La poesía es palabra. Composición, lucha contra el lenguaje con el arma del lenguaje: he aquí una dicotomía difícil de salvar en nuestra época o quizá imposible, en que cada uno ha de buscar su propio lenguaje y éste será válido en la medida en que no se parezca a ningún otro.
Cualquiera que tenga presentes las poéticas de Aristóteles y de Horacio se sonreiría ante la imagen de que poetas como Homero o Virgilio transcribían el dictado de una musa.
Horacio aconsejaba guardar un poema por nueve años en un cajón, no sin antes mostrarlo al escrutinio de quienes sabían valorar la poesía. En un sentido más moderno –mejor dicho, más reciente– que no desmiente a este, Ezra Pound afirmaba que más le valía a un poeta escribir una sola imagen en toda su vida que hacer obras voluminosas. En lo biológico, que ni aun por obvio podemos dejar de mencionar, la inspiración es el primer paso de un proceso continuo y rítmico en que la sangre se regenera.
¿Pero qué comprendemos por inspiración? ¿Los griegos y los latinos en verdad pensaban que bastaba con tender el oído para hacerse acreedores de una voz ajena? Tal vez allí esté la clave, en esa voz otra que termina por ser la propia voz, que nunca antes escuchamos y que es nosotros mismos.
No hay nada tan estorboso como idealizar la noción de escritura. Los griegos la comprendían como la posesión de la mente por el dios. El arte era el resultado de esa correspondencia unívoca expresada a plenitud según la capacidad del sujeto en aquello de abandonarse a la nueva máscara.
Resalta la idea de que al hombre en un estado cotidiano le es negada la fluidez con que discurre la súper conciencia del mundo. Incluso si el dios es solamente una idea que hace al intelecto del hombre su herramienta, el concepto de este último sigue siendo el mismo: un ser imposibilitado a aprehender el mundo per se a menos de que se auto-niegue y permita a “aquello otro que desconocemos” actuar en su lugar, realizarse utilizándolo como medio y en el camino recompensarle con la felicidad que desborda al testigo ante un fenómeno extraordinario –en el peor de los casos, al margen de lo ordinario.

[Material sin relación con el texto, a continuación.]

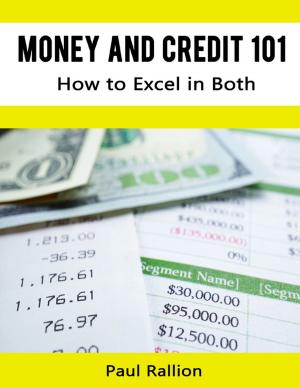 Cover of the book Money and Credit 101, How to Excel In Both by Winner Torborg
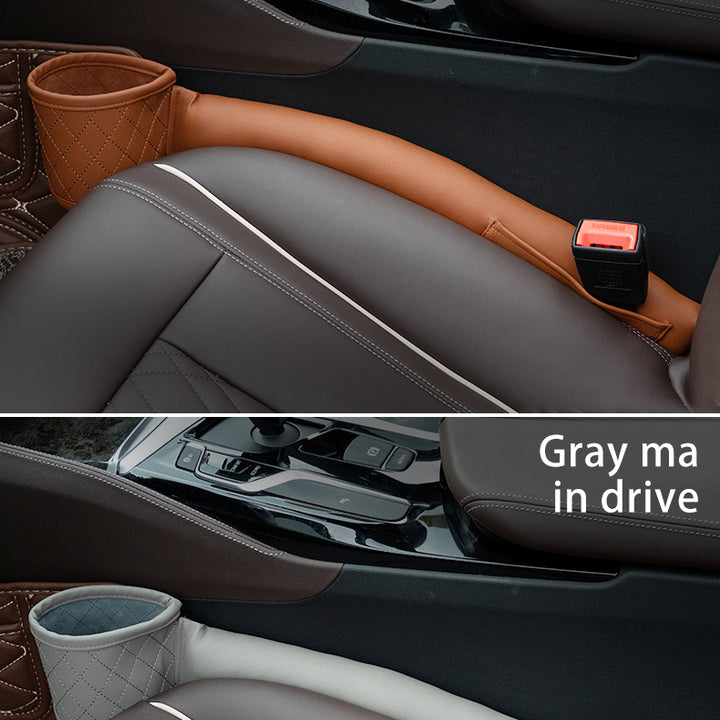 Leather Car Seat Gap Filler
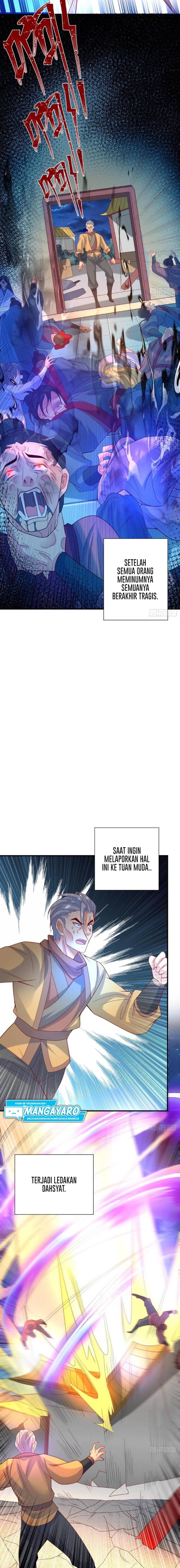 Becoming A God By Teaching Six Sisters Chapter 41 Gambar 3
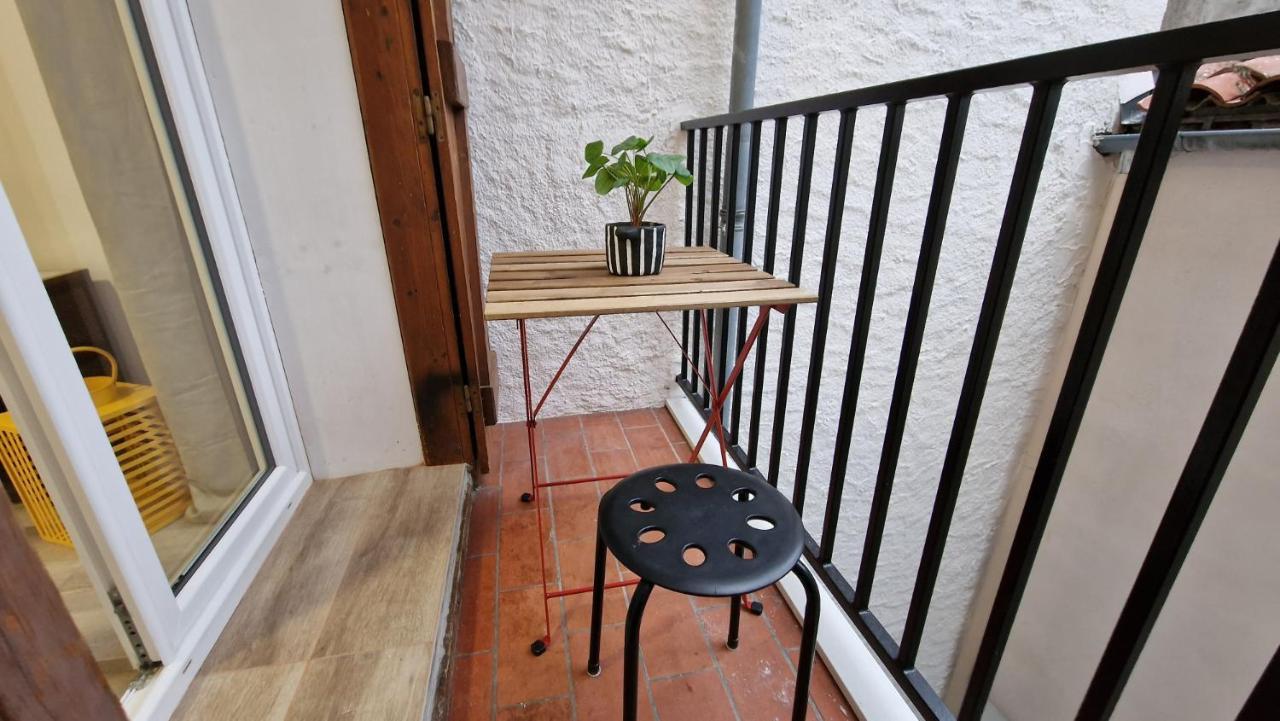 Un Second Souffle Apartment Foix Exterior photo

Rilke escribiría en una carta sobre Auguste Rodin –cuando trabajaba como su secretario particular– que la idea de la inspiración le era completamente ajena al escultor porque vivía permanentemente en ella. Sus preocupaciones eran otras, más bien relacionadas con la técnica y la proporción.
Al concebir “El cementerio marino” Paul Valéry fue inspirado por la forma de un ritmo específico (el decasílabo rimado). Todo fue dejar llevar su espíritu por el rigor de una armonía, con todo y que la factura del poema le era fundamental, igual que a su discípulo mexicano José Gorostiza. En cambio, para el brasileño Joao Cabral de Melo Neto la poesía entrañaba tan solo un prolongado trabajo de composición. Sobran nombres qué citar acerca de esto de estar inspirado y de la ardua tarea de conocer el oficio de escribir.
El oficio es clave: conlleva la práctica de la atención; es allí donde se encuentra el latido del presente y por tanto un tiempo que no es el tiempo convencional, sino otro que se define por su vitalidad. ¿Existe o no la inspiración? ¿Como función orgánica, como ritmo impulsador de sentido, como música del intelecto? ¿Es un acto de fe en el tiempo?